START MATERIAL PROVIDED

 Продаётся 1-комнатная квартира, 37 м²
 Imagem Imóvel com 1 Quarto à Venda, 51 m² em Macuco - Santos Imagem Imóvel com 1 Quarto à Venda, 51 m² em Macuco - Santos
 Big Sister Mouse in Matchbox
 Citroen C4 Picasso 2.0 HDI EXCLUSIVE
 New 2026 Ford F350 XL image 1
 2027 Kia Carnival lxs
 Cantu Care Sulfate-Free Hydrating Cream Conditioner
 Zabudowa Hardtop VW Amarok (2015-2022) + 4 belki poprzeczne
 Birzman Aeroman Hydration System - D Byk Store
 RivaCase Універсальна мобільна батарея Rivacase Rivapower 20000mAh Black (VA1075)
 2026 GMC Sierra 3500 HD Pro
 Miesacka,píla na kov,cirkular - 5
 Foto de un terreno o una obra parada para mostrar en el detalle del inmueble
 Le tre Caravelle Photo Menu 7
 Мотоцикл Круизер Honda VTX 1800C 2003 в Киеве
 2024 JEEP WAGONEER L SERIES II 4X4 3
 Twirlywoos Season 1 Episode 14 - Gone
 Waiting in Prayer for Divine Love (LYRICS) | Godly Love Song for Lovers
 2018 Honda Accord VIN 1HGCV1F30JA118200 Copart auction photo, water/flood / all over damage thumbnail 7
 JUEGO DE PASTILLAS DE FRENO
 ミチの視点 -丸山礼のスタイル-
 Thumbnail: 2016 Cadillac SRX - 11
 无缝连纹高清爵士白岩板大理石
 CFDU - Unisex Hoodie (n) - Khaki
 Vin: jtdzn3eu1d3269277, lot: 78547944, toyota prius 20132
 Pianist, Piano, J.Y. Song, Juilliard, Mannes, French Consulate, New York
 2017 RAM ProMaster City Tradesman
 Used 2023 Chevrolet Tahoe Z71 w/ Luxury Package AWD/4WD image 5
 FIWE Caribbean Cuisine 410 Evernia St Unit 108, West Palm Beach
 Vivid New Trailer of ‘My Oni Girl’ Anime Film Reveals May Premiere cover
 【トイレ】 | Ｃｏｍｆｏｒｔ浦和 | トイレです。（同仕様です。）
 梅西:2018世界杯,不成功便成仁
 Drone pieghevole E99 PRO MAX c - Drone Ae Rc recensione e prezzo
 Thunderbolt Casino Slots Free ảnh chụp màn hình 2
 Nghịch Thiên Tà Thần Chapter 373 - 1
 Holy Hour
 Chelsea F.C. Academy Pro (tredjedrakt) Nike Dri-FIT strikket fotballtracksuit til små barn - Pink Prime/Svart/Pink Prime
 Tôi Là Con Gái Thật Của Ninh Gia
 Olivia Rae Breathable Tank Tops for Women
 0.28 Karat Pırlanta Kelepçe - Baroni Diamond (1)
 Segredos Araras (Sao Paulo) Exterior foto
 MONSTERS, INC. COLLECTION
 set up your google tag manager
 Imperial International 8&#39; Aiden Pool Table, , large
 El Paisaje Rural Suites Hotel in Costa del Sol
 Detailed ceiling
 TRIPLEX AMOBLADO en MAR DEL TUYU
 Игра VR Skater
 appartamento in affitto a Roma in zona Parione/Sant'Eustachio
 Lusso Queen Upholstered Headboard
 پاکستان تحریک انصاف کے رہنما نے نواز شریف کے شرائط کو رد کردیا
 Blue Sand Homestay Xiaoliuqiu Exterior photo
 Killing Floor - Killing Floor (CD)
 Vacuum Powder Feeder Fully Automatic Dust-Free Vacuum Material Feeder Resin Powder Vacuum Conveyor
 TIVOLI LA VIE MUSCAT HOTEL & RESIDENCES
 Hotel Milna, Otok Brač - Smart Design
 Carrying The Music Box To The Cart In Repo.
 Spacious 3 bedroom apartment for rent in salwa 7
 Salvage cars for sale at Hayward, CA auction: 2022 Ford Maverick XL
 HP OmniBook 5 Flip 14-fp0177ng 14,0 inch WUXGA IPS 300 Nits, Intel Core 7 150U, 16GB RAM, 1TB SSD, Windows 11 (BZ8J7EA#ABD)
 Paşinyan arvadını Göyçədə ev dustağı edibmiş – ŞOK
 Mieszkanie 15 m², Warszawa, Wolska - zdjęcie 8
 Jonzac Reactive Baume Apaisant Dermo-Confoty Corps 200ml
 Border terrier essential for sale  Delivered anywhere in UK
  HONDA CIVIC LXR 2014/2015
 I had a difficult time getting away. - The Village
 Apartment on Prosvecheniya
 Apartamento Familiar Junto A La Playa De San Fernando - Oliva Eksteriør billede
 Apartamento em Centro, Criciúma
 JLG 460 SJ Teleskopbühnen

END MATERIAL PROVIDED

**PROMPT:**
In the records above, find the line with "Spacious 3 bedroom"; write out exactly that line and each one after it, stopping after the line with "HONDA CIVIC LXR 2014/2015".

**SOLUTION FOR THIS PROBLEM:**
 Spacious 3 bedroom apartment for rent in salwa 7
 Salvage cars for sale at Hayward, CA auction: 2022 Ford Maverick XL
 HP OmniBook 5 Flip 14-fp0177ng 14,0 inch WUXGA IPS 300 Nits, Intel Core 7 150U, 16GB RAM, 1TB SSD, Windows 11 (BZ8J7EA#ABD)
 Paşinyan arvadını Göyçədə ev dustağı edibmiş – ŞOK
 Mieszkanie 15 m², Warszawa, Wolska - zdjęcie 8
 Jonzac Reactive Baume Apaisant Dermo-Confoty Corps 200ml
 Border terrier essential for sale  Delivered anywhere in UK
  HONDA CIVIC LXR 2014/2015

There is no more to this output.